MATERIAL FOR THIS EXERCISE |
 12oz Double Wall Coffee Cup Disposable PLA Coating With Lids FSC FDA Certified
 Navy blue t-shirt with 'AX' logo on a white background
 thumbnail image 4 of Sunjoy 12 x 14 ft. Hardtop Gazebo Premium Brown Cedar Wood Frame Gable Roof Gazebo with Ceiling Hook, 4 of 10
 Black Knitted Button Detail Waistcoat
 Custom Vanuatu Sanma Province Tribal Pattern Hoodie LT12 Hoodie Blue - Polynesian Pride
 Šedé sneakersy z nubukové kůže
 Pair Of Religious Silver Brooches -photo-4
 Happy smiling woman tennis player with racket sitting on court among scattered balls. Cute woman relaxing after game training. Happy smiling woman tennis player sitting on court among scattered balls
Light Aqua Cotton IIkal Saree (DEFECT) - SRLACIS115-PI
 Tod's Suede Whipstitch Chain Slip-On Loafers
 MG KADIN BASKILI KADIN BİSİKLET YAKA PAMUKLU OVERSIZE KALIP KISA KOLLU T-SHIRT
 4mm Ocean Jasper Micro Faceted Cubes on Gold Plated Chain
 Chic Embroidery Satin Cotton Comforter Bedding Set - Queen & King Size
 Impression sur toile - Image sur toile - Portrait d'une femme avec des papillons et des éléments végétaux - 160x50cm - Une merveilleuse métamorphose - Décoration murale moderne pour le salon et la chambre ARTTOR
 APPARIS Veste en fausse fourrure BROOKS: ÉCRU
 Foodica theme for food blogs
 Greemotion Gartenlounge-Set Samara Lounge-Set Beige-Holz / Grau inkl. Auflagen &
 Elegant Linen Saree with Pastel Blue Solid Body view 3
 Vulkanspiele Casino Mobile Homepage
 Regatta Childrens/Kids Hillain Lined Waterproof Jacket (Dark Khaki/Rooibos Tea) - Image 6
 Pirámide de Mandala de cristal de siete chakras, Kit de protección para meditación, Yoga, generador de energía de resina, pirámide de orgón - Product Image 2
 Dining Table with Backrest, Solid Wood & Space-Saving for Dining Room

ACTION ITEM | Start with the line above that contains "4mm Ocean Jasper" and stop after the line that contains "Regatta Childrens/Kids Hillain". Output those lines exactly, and only those.

RESPONSE |
 4mm Ocean Jasper Micro Faceted Cubes on Gold Plated Chain
 Chic Embroidery Satin Cotton Comforter Bedding Set - Queen & King Size
 Impression sur toile - Image sur toile - Portrait d'une femme avec des papillons et des éléments végétaux - 160x50cm - Une merveilleuse métamorphose - Décoration murale moderne pour le salon et la chambre ARTTOR
 APPARIS Veste en fausse fourrure BROOKS: ÉCRU
 Foodica theme for food blogs
 Greemotion Gartenlounge-Set Samara Lounge-Set Beige-Holz / Grau inkl. Auflagen &
 Elegant Linen Saree with Pastel Blue Solid Body view 3
 Vulkanspiele Casino Mobile Homepage
 Regatta Childrens/Kids Hillain Lined Waterproof Jacket (Dark Khaki/Rooibos Tea) - Image 6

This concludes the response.